Sua visão de extrativismo florestal envolve cadeias produtivas completas, com a articulação da floresta com as cidades, onde estão os centros de pesquisa e devem ser instalados os centros de produção. Para tanto, uma rede de comunicação eficiente é o primeiro requisito. “Na Amazônia, as cidades têm que ser reequipadas com centros de processamento dos produtos que virão do coração da floresta”, diz Bertha. Ela visualiza uma rede de cidades funcionando como um cinturão de defesa da bioprodução e dos serviços ambientais, que chama de cinturão de blindagem flexível. “Flexível porque permitirá a interação do coração da floresta com a mata aberta, que é a área onde se deve fazer as concessões necessárias.”

Os porta-vozes da Ciência e tecnologia

Finalmente, a professora abordou o novo papel da ciência e dos cientistas na região amazônica. Bertha considera que na passagem do mercantilismo para a industrialização ocorre a geração de mercadorias fictícias, como o mercado de trabalho e o mercado fundiário. “Vida não é para ser vendida, assim como terra também não”.

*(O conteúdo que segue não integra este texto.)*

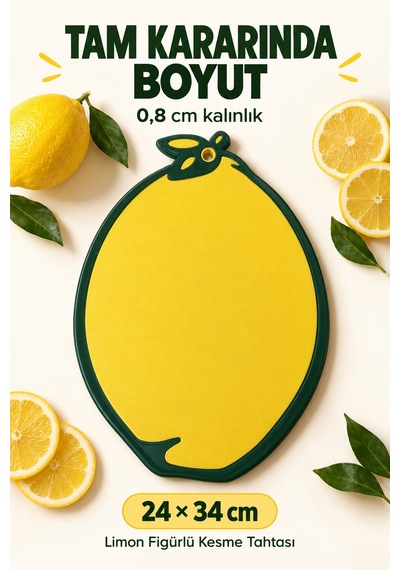 Limon Figürlü Kaydırmaz Kesme Tahtası 24x34 Cm Askılı Plastik Sebze Meyve Doğrama Panosu Sarı Mutfak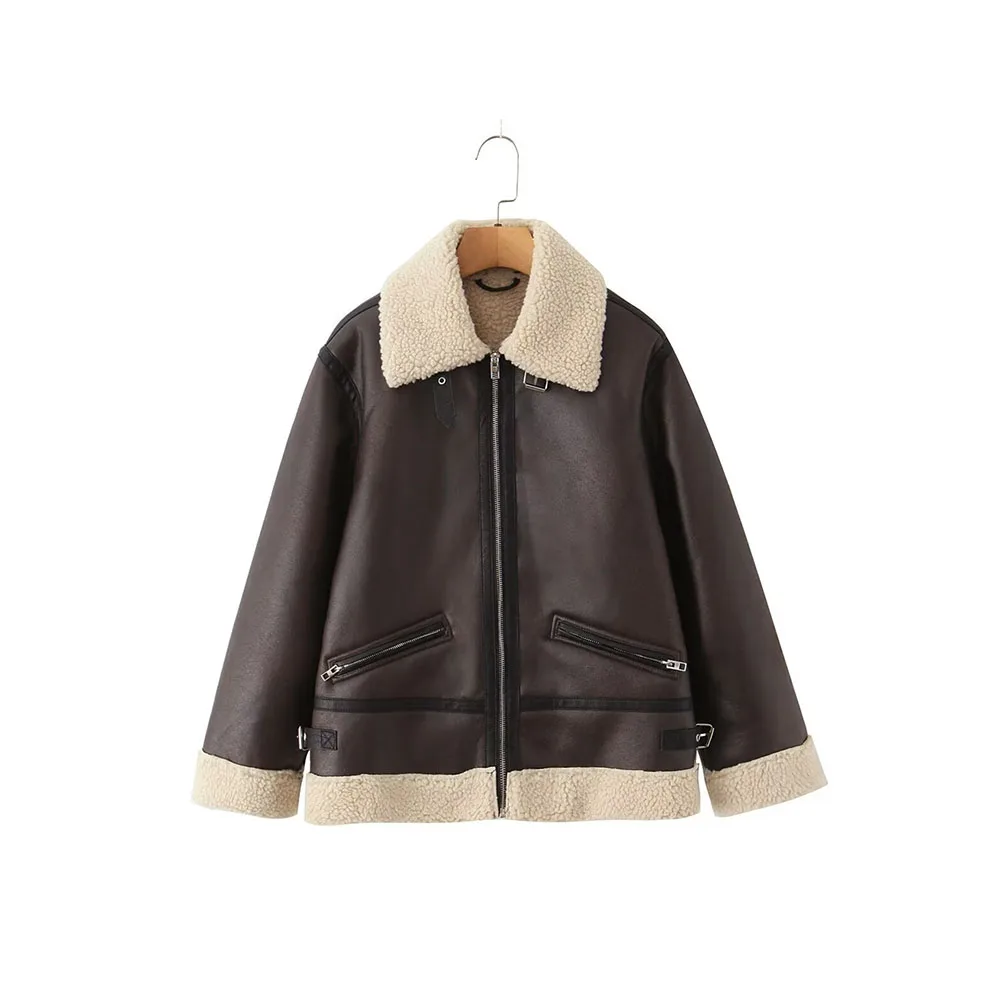 

Autumn and Winter New Women's Versatile Fashion Lamb Wool Collar Leather Coat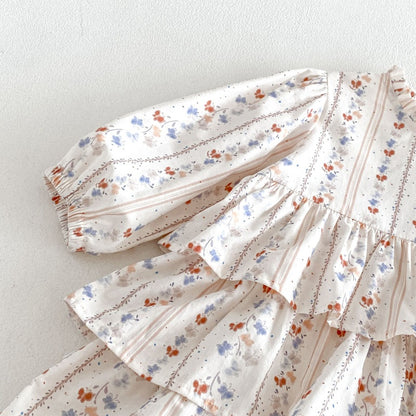 【BABY&KID】小花柄ワンピース、パフスリーブジャケットSK107211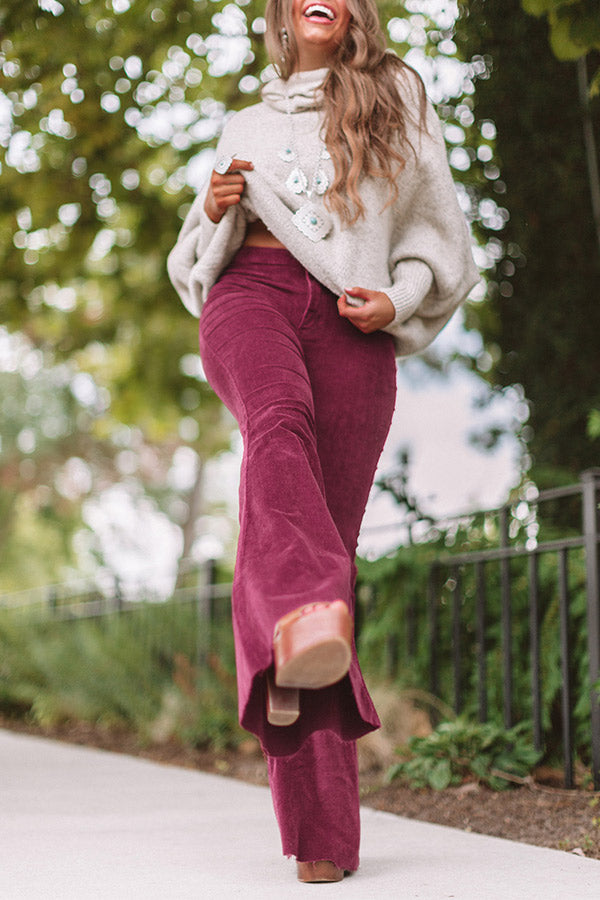 The Harmony High Waist Corduroy Flare In Wine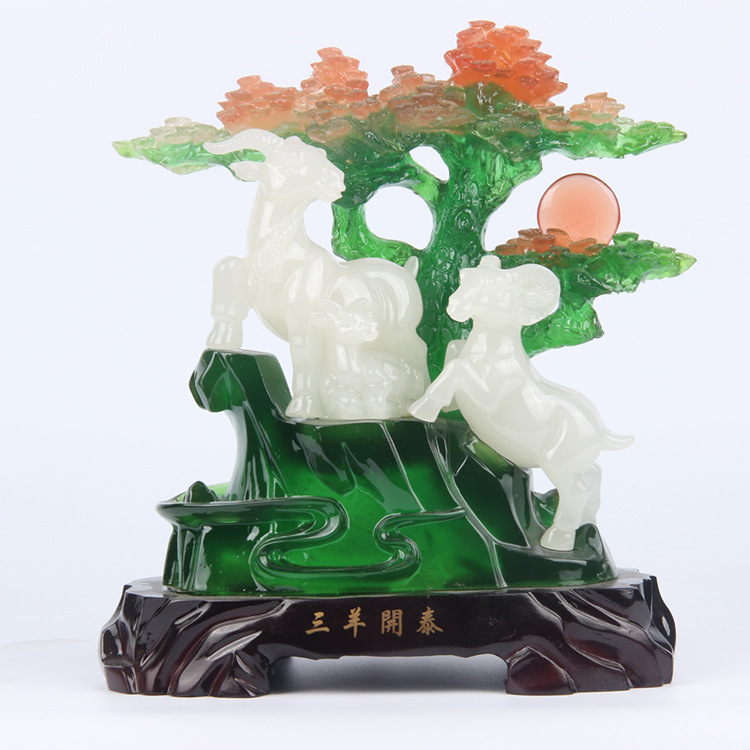 爆款三羊開泰擺件仿玉樹脂工藝品 批發創意禮品家居飾品招財擺件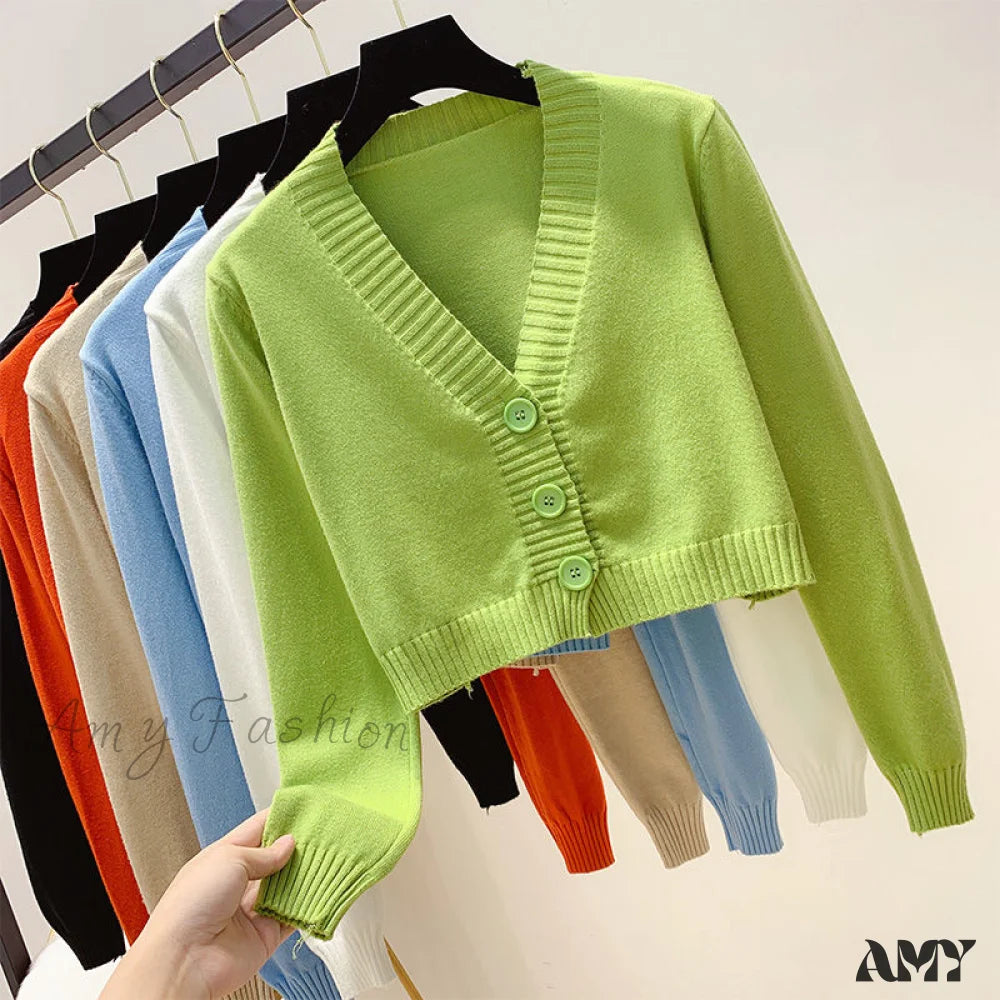 Amy Fashion - Wool Solid Girl Crop Top Cardigan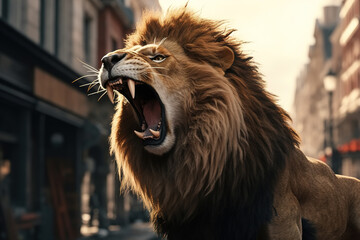 Roaring lion attack on city street, close-up of rabid dangerous animal, aggressive angry predator - obrazy, fototapety, plakaty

A solução deve vir, em sua opinião, dos movimentos sociais e da implementação de políticas públicas que estabeleçam limites para a mercantilização das funções dos ecossistemas. Para tanto, ela avalia que o investimento nas redes de informação é tão importante quanto nas redes de transporte. Bertha destacou o potencial de turismo científico da região, que é diferenciado porque requer conhecimento. “Os cientistas têm que esclarecer a população, mostrar alternativas de trabalho, outras formas de sustento que não destruam a natureza. Estou me referindo à criação e implantação de uma economia da floresta, diferente de uma economia de fronteira, que é a que ocorre hoje.”

Para atingir essa meta, é necessário fortalecer a autonomia do Estado em relação ao mercado. “Tem uma questão ideológica, é claro, a Ciência não é neutra. Não é uma questão só ambiental, é socioeconômica também.” Bertha Becker concluiu resumindo seu pensamento. “As perspectivas de desenvolvimento regional da Amazônia passam pela criação de linhas de pesquisa e investimentos no portfólio da integração, voltada para economia da floresta.”